= EXERCISE DIRECTIONS =
Each entry needs to appear again, retyped exactly as it is below.

= MATERIAL SUPPLIED =
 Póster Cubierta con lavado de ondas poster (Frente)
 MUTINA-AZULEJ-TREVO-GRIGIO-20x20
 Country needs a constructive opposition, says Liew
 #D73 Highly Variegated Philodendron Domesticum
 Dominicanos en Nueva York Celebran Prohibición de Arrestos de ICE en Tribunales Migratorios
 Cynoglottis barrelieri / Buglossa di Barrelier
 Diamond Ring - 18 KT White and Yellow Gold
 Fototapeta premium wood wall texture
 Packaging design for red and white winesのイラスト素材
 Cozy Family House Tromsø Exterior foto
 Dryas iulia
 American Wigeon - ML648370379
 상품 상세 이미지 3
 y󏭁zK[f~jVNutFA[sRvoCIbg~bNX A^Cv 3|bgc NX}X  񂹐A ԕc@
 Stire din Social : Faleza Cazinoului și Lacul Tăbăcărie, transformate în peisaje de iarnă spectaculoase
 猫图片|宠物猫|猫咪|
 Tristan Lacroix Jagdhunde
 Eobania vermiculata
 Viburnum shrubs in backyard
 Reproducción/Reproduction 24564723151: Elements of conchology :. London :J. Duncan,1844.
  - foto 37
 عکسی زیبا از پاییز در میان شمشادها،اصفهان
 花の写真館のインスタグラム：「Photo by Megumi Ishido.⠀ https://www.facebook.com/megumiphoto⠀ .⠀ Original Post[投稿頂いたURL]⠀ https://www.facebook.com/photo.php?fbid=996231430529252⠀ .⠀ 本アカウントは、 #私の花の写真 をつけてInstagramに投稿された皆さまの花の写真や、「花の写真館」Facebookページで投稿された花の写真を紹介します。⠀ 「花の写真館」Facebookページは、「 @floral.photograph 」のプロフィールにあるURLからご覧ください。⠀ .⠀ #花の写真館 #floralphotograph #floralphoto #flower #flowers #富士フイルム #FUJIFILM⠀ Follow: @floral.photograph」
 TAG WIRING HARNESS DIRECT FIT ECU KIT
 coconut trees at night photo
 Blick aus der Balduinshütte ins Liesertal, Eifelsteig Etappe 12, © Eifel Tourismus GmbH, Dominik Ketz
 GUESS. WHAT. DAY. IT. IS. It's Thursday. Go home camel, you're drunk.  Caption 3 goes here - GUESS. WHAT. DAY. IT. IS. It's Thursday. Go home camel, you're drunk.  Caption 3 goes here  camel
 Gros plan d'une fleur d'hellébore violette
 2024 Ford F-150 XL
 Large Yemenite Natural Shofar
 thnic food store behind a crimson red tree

= WRITTEN REPLY =
 Póster Cubierta con lavado de ondas poster (Frente)
 MUTINA-AZULEJ-TREVO-GRIGIO-20x20
 Country needs a constructive opposition, says Liew
 #D73 Highly Variegated Philodendron Domesticum
 Dominicanos en Nueva York Celebran Prohibición de Arrestos de ICE en Tribunales Migratorios
 Cynoglottis barrelieri / Buglossa di Barrelier
 Diamond Ring - 18 KT White and Yellow Gold
 Fototapeta premium wood wall texture
 Packaging design for red and white winesのイラスト素材
 Cozy Family House Tromsø Exterior foto
 Dryas iulia
 American Wigeon - ML648370379
 상품 상세 이미지 3
 y󏭁zK[f~jVNutFA[sRvoCIbg~bNX A^Cv 3|bgc NX}X  񂹐A ԕc@
 Stire din Social : Faleza Cazinoului și Lacul Tăbăcărie, transformate în peisaje de iarnă spectaculoase
 猫图片|宠物猫|猫咪|
 Tristan Lacroix Jagdhunde
 Eobania vermiculata
 Viburnum shrubs in backyard
 Reproducción/Reproduction 24564723151: Elements of conchology :. London :J. Duncan,1844.
  - foto 37
 عکسی زیبا از پاییز در میان شمشادها،اصفهان
 花の写真館のインスタグラム：「Photo by Megumi Ishido.⠀ https://www.facebook.com/megumiphoto⠀ .⠀ Original Post[投稿頂いたURL]⠀ https://www.facebook.com/photo.php?fbid=996231430529252⠀ .⠀ 本アカウントは、 #私の花の写真 をつけてInstagramに投稿された皆さまの花の写真や、「花の写真館」Facebookページで投稿された花の写真を紹介します。⠀ 「花の写真館」Facebookページは、「 @floral.photograph 」のプロフィールにあるURLからご覧ください。⠀ .⠀ #花の写真館 #floralphotograph #floralphoto #flower #flowers #富士フイルム #FUJIFILM⠀ Follow: @floral.photograph」
 TAG WIRING HARNESS DIRECT FIT ECU KIT
 coconut trees at night photo
 Blick aus der Balduinshütte ins Liesertal, Eifelsteig Etappe 12, © Eifel Tourismus GmbH, Dominik Ketz
 GUESS. WHAT. DAY. IT. IS. It's Thursday. Go home camel, you're drunk.  Caption 3 goes here - GUESS. WHAT. DAY. IT. IS. It's Thursday. Go home camel, you're drunk.  Caption 3 goes here  camel
 Gros plan d'une fleur d'hellébore violette
 2024 Ford F-150 XL
 Large Yemenite Natural Shofar
 thnic food store behind a crimson red tree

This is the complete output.